Deconfined Fermi liquid to Fermi liquid transition and superconducting instability (2401.08753v2)

Abstract: Deconfined quantum critical points (DQCP) have attracted lots of attentions in the past decades, but were mainly restricted to incompressible phases. On the other hand, various experimental puzzles call for new theory of unconventional quantum criticality between metals at a generic density. Here we explore the possibility of a deconfined transition between two symmetric Fermi liquids in a bilayer model tuned by inter-layer antiferromagnetic spin-spin coupling $J_\perp$. Across the transition the Fermi surface volume per flavor jumps by $1/2$ of the Brillouin zone (BZ), similar to the small to large Fermi surface transitions in heavy Fermion systems and maybe also in the high Tc cuprates.
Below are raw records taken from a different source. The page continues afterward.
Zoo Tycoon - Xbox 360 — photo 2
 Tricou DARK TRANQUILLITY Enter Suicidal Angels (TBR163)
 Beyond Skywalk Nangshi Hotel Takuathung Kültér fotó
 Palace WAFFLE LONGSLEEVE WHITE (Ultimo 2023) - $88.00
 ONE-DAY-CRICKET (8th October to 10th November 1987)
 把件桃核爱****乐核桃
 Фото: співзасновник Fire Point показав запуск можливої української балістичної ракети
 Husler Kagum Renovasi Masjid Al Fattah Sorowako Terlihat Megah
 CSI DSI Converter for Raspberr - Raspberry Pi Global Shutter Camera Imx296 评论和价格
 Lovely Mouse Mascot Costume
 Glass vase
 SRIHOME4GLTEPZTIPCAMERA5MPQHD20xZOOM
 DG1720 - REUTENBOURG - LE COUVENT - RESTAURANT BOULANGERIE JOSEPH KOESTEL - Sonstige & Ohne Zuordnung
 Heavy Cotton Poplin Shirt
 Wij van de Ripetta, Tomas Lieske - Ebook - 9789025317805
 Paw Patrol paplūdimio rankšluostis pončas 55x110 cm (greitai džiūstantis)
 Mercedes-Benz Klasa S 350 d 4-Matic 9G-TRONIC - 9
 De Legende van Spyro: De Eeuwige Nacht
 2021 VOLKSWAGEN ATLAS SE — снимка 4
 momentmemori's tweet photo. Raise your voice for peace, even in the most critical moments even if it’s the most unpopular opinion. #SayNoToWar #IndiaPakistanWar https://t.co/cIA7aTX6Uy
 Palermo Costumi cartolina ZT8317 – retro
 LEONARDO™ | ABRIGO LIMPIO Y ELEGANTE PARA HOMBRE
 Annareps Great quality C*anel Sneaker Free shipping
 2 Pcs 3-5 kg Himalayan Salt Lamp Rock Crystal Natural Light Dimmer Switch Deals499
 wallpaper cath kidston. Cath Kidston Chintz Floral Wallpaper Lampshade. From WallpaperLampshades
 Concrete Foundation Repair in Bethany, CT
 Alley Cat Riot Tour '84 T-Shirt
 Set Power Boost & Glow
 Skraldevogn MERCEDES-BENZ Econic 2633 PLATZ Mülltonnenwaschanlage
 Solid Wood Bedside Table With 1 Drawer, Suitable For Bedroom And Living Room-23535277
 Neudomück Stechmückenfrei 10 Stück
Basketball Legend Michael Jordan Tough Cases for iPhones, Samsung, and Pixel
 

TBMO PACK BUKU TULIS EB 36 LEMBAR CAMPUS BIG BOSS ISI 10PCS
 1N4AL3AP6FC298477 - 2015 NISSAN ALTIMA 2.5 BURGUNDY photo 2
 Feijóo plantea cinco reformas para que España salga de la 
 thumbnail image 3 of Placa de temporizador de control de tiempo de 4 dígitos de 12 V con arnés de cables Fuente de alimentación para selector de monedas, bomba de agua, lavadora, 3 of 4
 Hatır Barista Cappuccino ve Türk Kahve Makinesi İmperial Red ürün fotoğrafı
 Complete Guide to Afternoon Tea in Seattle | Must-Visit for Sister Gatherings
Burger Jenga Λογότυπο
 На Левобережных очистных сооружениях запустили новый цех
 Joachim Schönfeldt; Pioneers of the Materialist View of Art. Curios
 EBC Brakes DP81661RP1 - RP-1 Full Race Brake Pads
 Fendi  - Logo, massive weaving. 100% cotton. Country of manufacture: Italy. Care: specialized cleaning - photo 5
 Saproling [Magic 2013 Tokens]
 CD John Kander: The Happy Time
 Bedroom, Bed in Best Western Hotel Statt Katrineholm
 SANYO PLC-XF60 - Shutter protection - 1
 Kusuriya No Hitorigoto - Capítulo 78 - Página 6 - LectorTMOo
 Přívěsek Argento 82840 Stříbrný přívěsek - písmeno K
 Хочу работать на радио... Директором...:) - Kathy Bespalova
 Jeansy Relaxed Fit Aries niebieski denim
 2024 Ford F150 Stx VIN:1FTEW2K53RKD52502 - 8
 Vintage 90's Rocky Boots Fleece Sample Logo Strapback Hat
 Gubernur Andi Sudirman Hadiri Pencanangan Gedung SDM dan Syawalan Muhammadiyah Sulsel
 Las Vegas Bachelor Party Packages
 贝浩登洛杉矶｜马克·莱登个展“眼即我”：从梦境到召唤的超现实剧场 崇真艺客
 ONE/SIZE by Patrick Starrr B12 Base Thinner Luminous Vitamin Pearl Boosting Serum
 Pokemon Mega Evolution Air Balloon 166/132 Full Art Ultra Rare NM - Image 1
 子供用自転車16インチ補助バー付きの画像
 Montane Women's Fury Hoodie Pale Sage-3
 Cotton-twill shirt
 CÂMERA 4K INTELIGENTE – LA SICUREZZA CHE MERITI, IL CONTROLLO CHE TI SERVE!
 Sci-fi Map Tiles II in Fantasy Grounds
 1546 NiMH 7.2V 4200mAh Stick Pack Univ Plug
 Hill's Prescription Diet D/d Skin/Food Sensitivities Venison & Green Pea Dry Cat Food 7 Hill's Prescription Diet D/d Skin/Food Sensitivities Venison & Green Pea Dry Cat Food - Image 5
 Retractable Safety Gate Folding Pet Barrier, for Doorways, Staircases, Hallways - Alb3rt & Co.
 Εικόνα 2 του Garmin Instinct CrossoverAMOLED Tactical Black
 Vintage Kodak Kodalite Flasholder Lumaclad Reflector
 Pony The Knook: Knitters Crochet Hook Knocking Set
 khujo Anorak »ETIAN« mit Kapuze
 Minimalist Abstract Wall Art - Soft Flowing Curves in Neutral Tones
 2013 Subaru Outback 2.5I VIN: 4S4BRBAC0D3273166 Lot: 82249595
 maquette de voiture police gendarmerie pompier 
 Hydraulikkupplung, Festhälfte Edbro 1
But in the bilayer case the small Fermi surface phase (dubbed as sFL) has neither symmetry breaking nor fractionalization, akin to the symmetric mass generation (SMG) discussed in high energy physics. We formulate a deconfined critical theory where the two Fermi liquids correspond to higgs and/or confined phases of a $U(1)\times U(1)$ gauge theory. We show that this deconfined FL to FL transition (DFFT) fixed point is unstable to pairing and thus a superconductor dome is expected at low temperature. At finite temperature above the pairing scale, microscopic electron is a three particle bound state of the deconfined fractional fermions in the critical theory. We also introduce another parameter which can suppress the pairing instability, leading to a deconfined tri-critical point stable to zero temperature. We also provide numerical results of the bilayer model in one dimension, with a Luther-Emery liquid between two different Luttinger liquids, similar to the phase diagram from the field theory in two dimension. Our work opens a new direction to exploring deconfined metallic criticality and new pairing mechanism from critical gauge field.